Your answer should repeat the entries in full, exactly as given, with no pictures.

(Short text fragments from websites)

══════════════════════════════

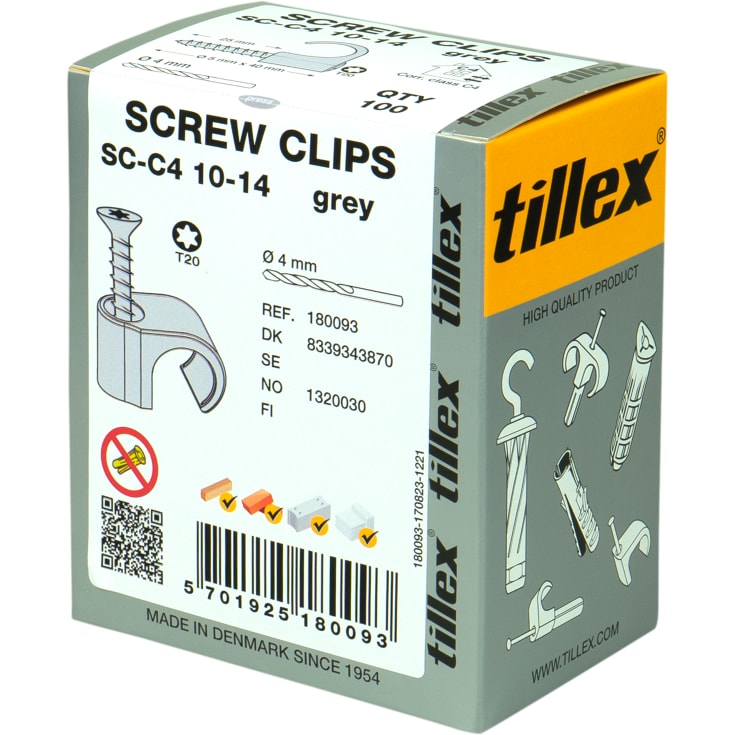 100 stk Skrue Clips SC-C4 10-14 Torx20 grå (100)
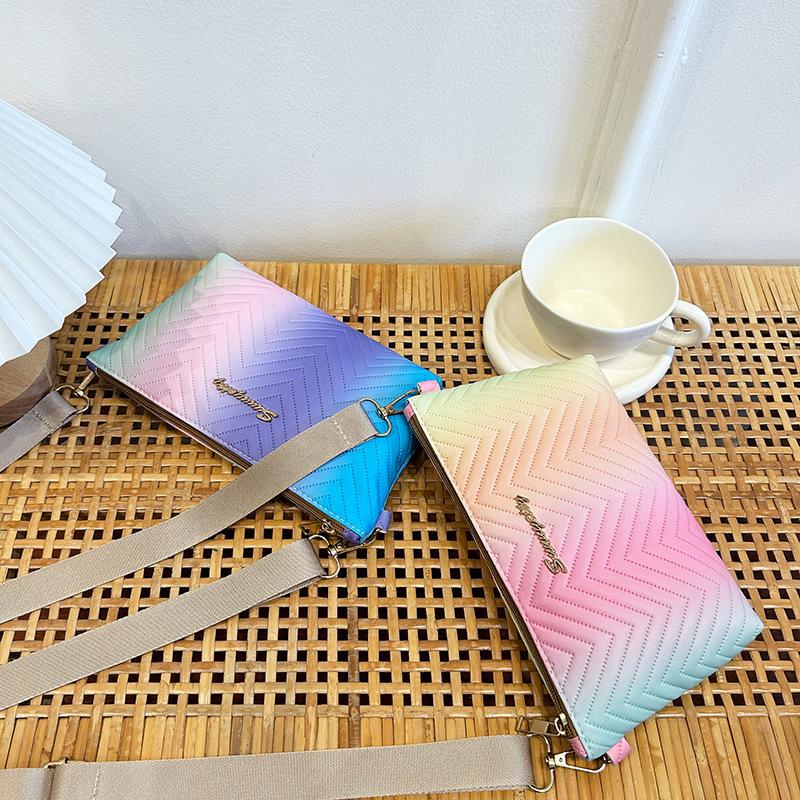 Torba na ramię w kolorach tęczy Nowa wysokiej klasy torba na telefon komórkowy Damska koreańska wersja damskiej małej torebki crossbody na ramię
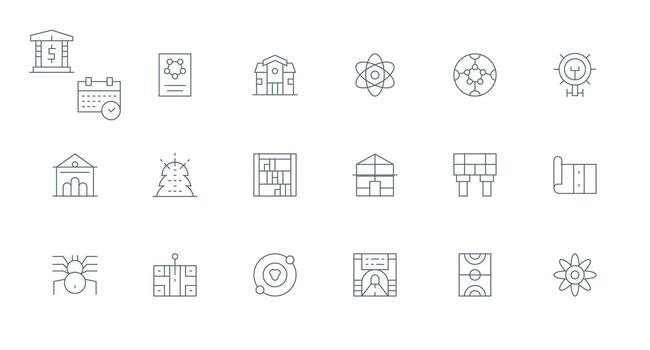 18 Minimal Line Style Icons from Schematic Collection Style Icon Set vector
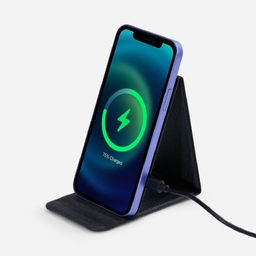 Подставка для смартфона с беспроводной зарядкой Kickstand, серая для нанесения логотипа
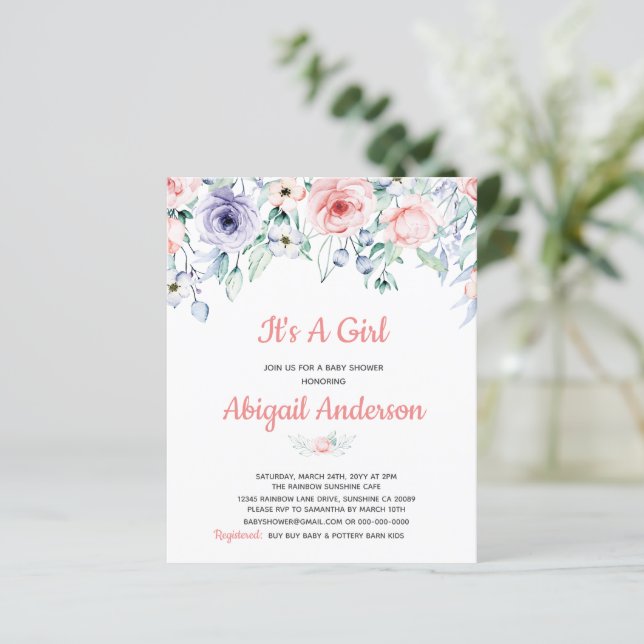 Budget Pink Blush Floral Baby Shower Invitation  (Standing Front)
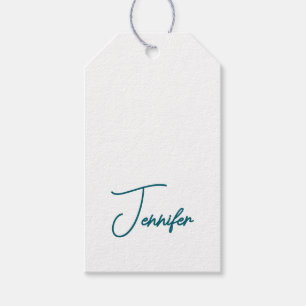 Dunkler Teal-Trend Moderne minimalistische Handsch Geschenkanhänger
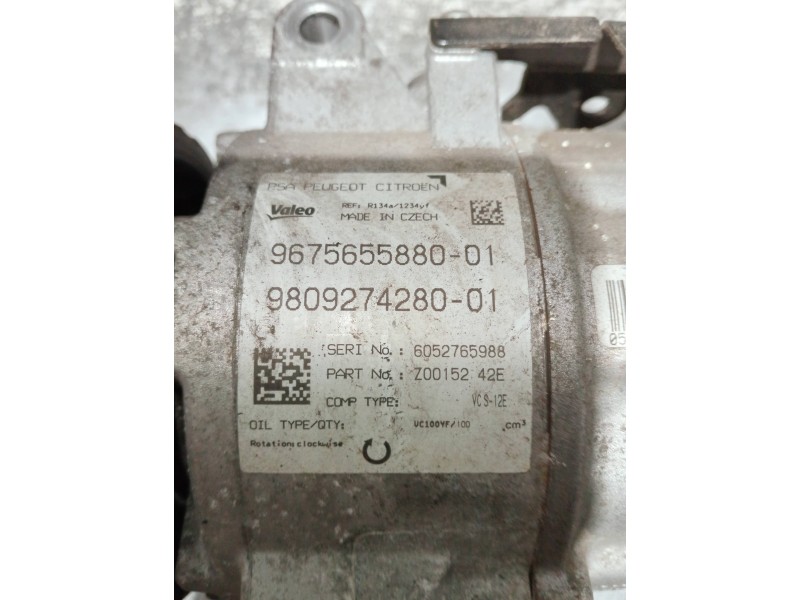 Recambio de compresor aire acondicionado para peugeot 308 referencia OEM IAM 9675655880  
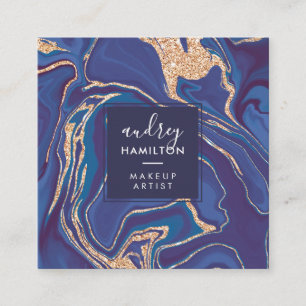 Carte De Visite Carré Marbre bleu marine rose or parties scintillant maq
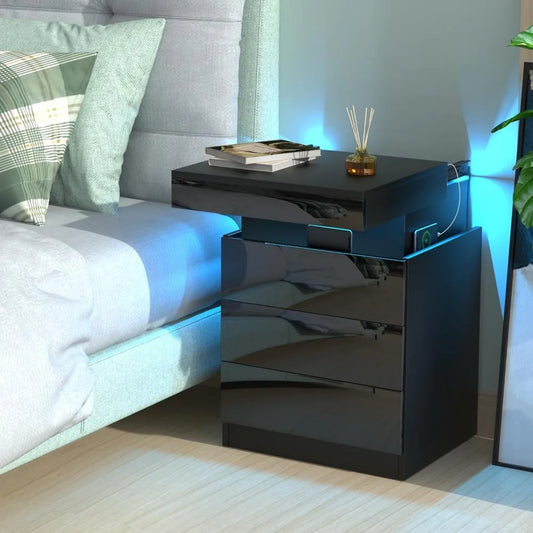 Table de Chevet avec Station de Charge & 3 Tiroirs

══════════════════════════════

# THE COMPLETED TASK:
 100 stk Skrue Clips SC-C4 10-14 Torx20 grå (100)
 Torba na ramię w kolorach tęczy Nowa wysokiej klasy torba na telefon komórkowy Damska koreańska wersja damskiej małej torebki crossbody na ramię
 18 Minimal Line Style Icons from Schematic Collection Style Icon Set vector
 Подставка для смартфона с беспроводной зарядкой Kickstand, серая для нанесения логотипа
 Budget Pink Blush Floral Baby Shower Invitation  (Standing Front)
 Dunkler Teal-Trend Moderne minimalistische Handsch Geschenkanhänger
 Recambio de compresor aire acondicionado para peugeot 308 referencia OEM IAM 9675655880  
 Carte De Visite Carré Marbre bleu marine rose or parties scintillant maq
 Table de Chevet avec Station de Charge & 3 Tiroirs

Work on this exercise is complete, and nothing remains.